START Provided entries

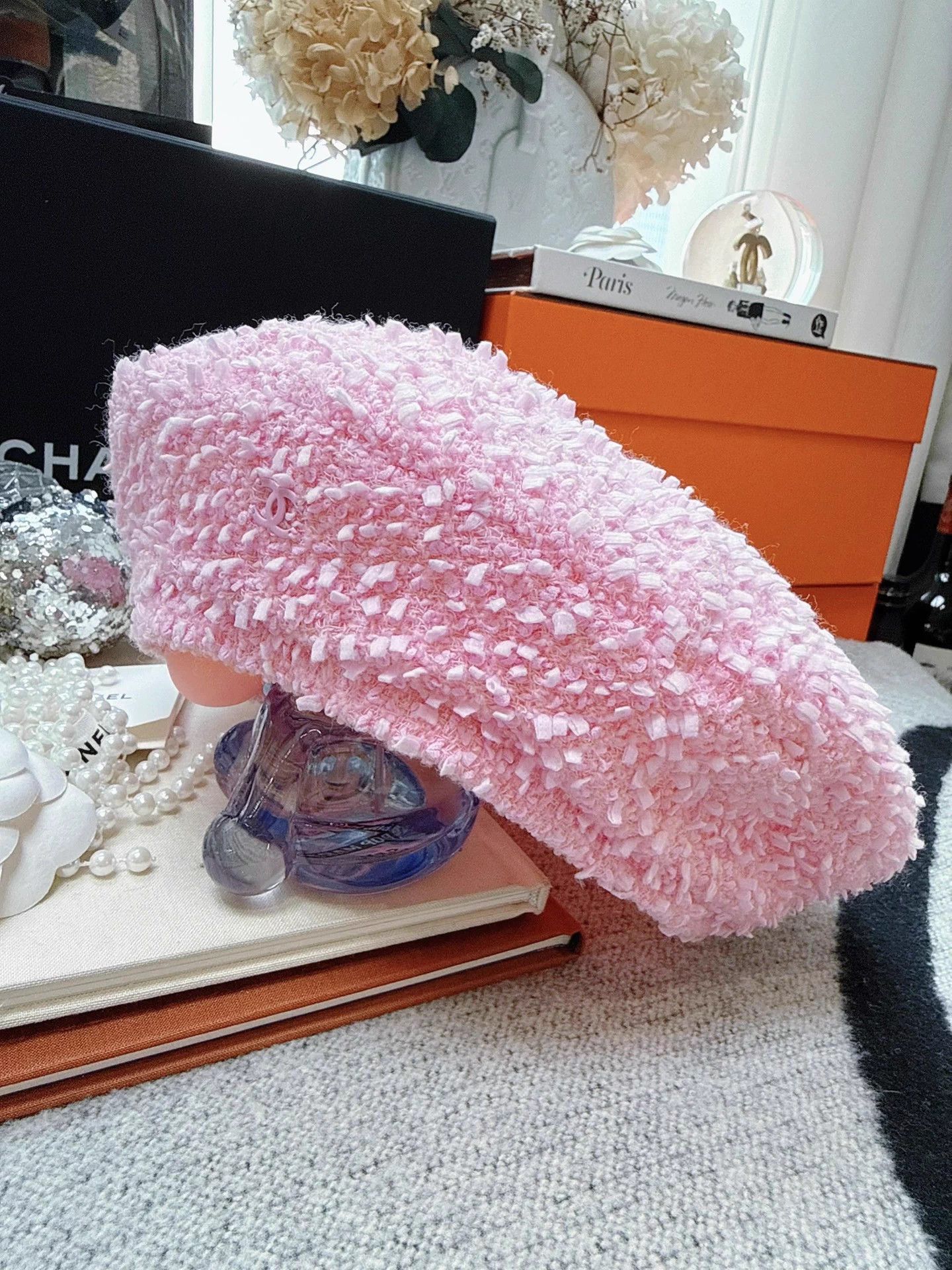 Chanel Chanel 19C Pink Tassel Tweed Beret M Size ONE SIZE - 7 Thumbnail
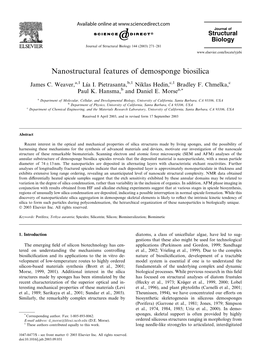 Nanostructural Features of Demosponge Biosilica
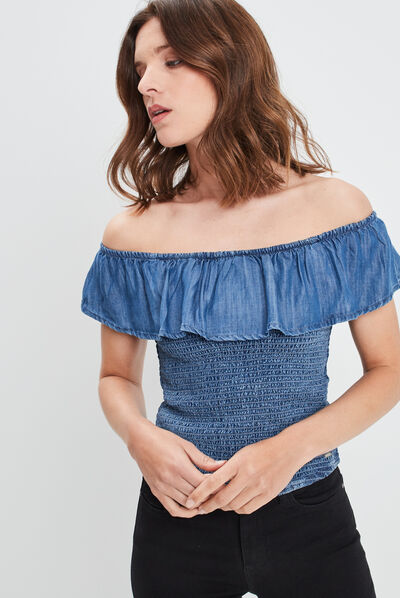 Blouse manches courtes col bardot denim bleach femme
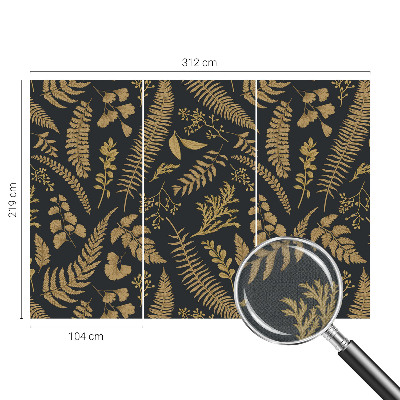 Nursery wall mural with a botanical leaves design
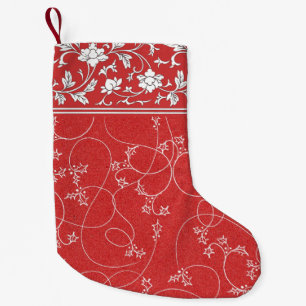 Meia De Natal Pequena Vintage Holly Chinoiserie Red White Holiday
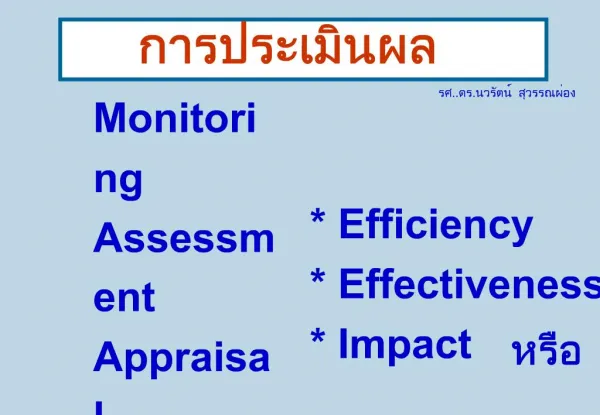 Monitoring Assessment Appraisal Evaluation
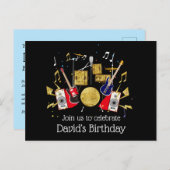 音楽パーティー、ギタードラムセットミュージカル インビテーションポストカード (正面/裏面)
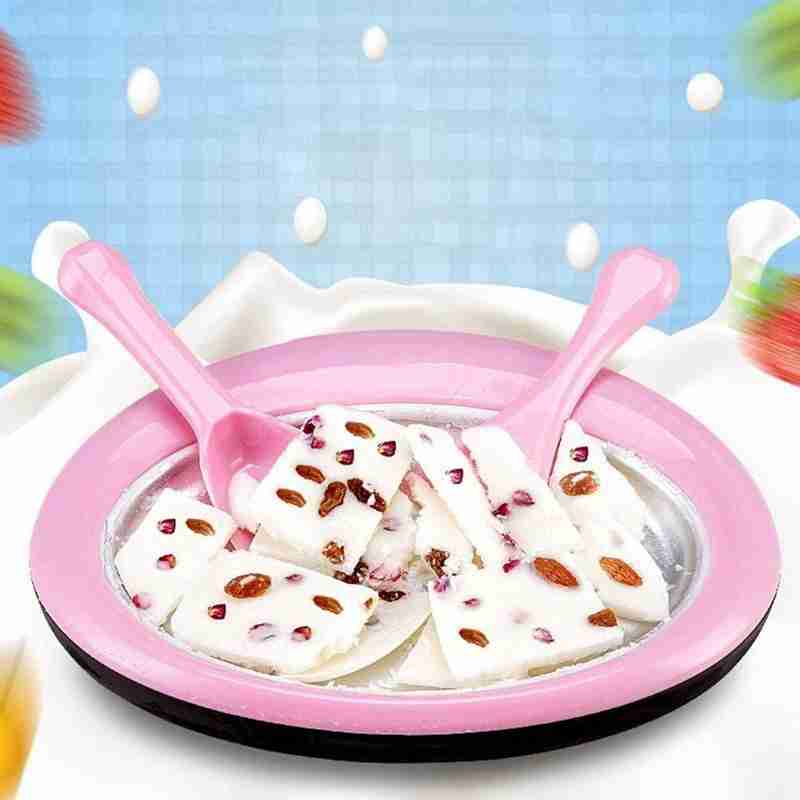 Rolled Ice Cream Maker - Instant Ice Cream Maker Pan with 2 Spatulas, Round Sweet Spot Ice Cream Maker for Kids Pink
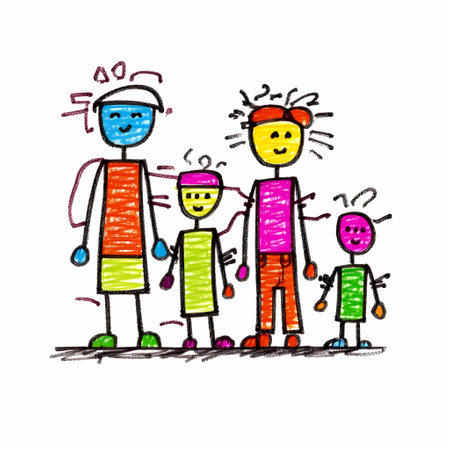 A group of children with a teacher. Hand drawn vector illustration.の素材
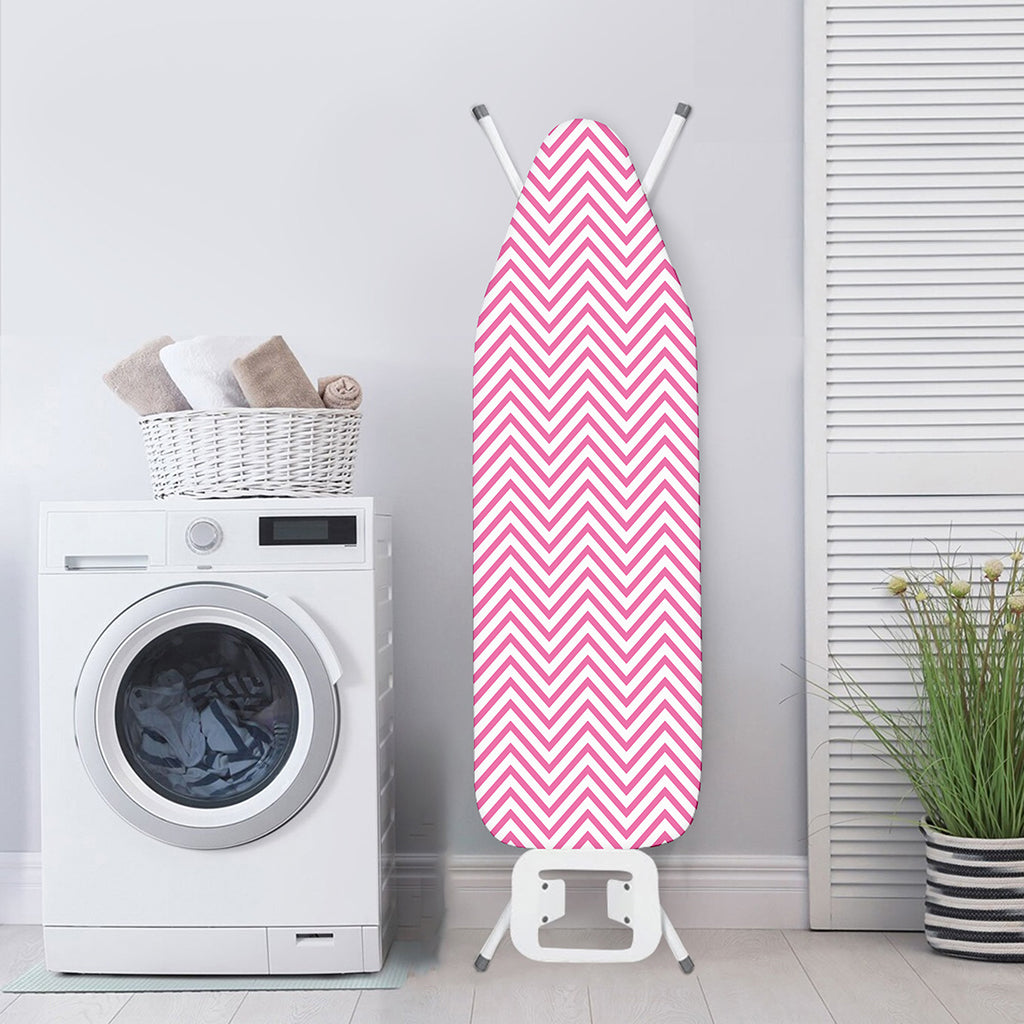 White And Pink Zigzag Pattern Print Ironing Board Cover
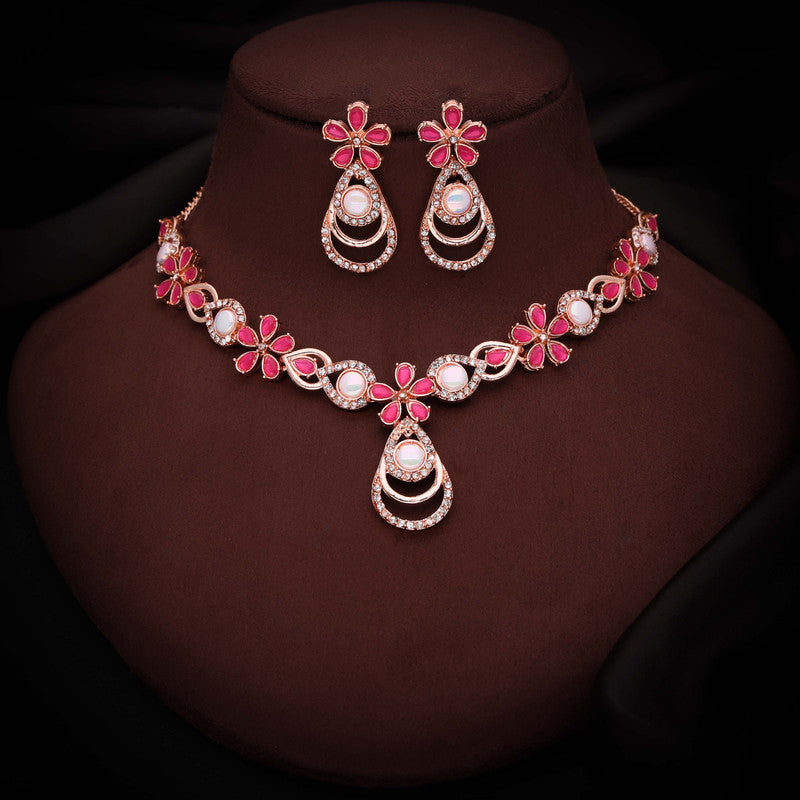 Tehzeeb Creations Rose Gold-Polished Pink Colour Necklace With Stud - Distacart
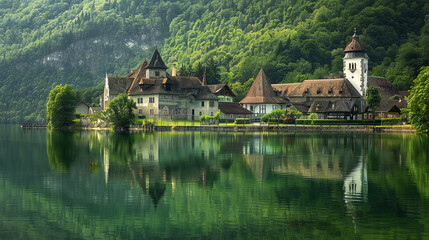 Fototapeta premium Tranquil Monastery Reflected in a Serene Lake Amidst Lush Green Hills Under Soft Sunlight at Dawn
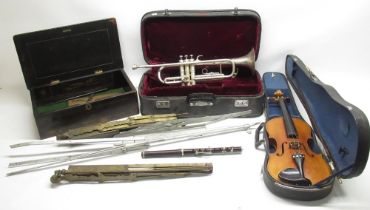 Cased Lark of Shanghai violin and bow, cased 'Parrot' made in China trumpet, H.Y.Potter & Co. wind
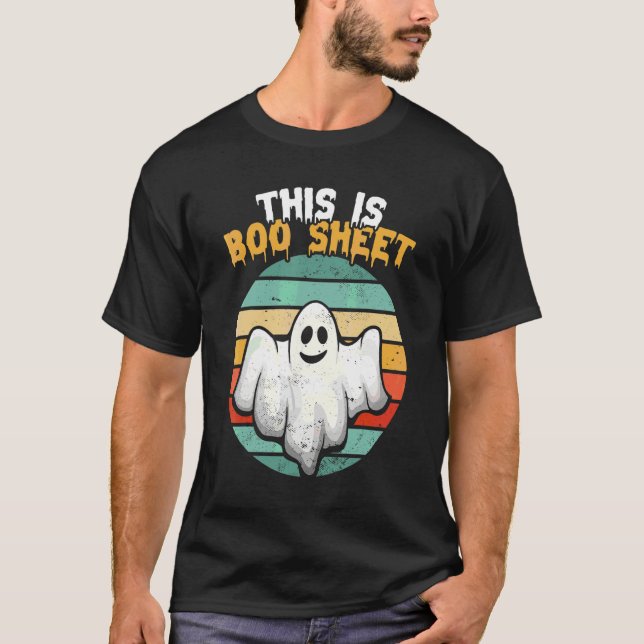 Detta Är Boo Sheet Spöke Retro Halloween Kostym Mi T Shirt (Framsida)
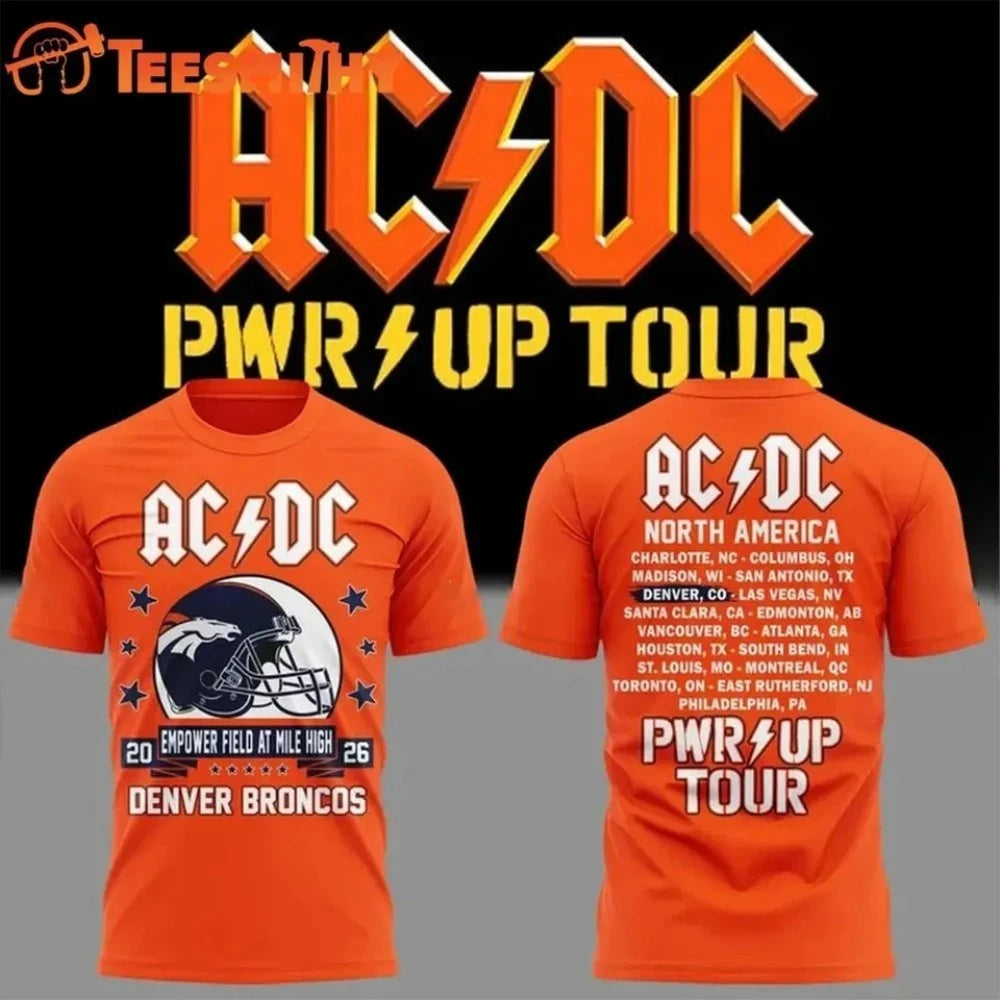 ACDC X Denver Broncos Merch 2026 ACDC Power Up Tour T-Shirt Concert Outfit Gift For Music Fans - Merchluma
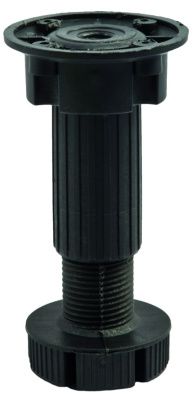 Опора кухонная пласт. h100 трехсоставная, черный (1уп=280шт) RU 11096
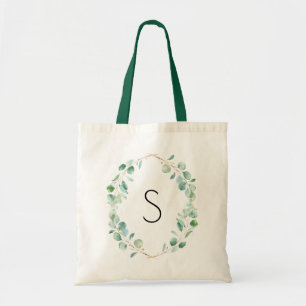 Tote Bag Verdure d'eucalyptus d'aquarelle de monogramme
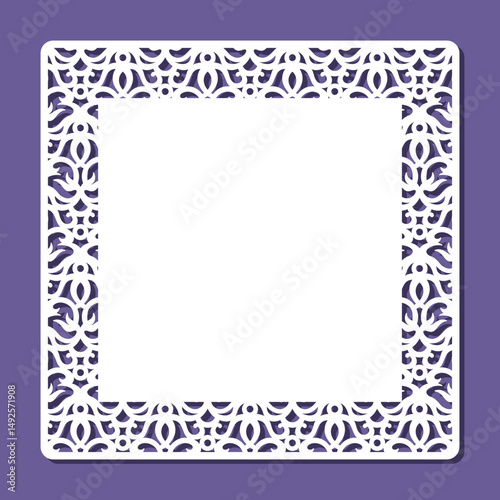 Form with openwork edge. Square sheet, certificate, blank for card, invitation, congratulations with floral pattern. Copy space, empty space for text. Template for plotter laser cutting of paper, cnc.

END Provided entries

Exercise goal: In the reply, give again exactly the lines from the beginning of the entries above through the line with "Nursery wall mural"; pictures stay out.

Exercise response:
 Chanel Chanel 19C Pink Tassel Tweed Beret M Size ONE SIZE - 7 Thumbnail
 Nanostructural Features of Demosponge Biosilica
 Blouse manches courtes col bardot denim bleach femme
 Nursery wall mural with a botanical leaves design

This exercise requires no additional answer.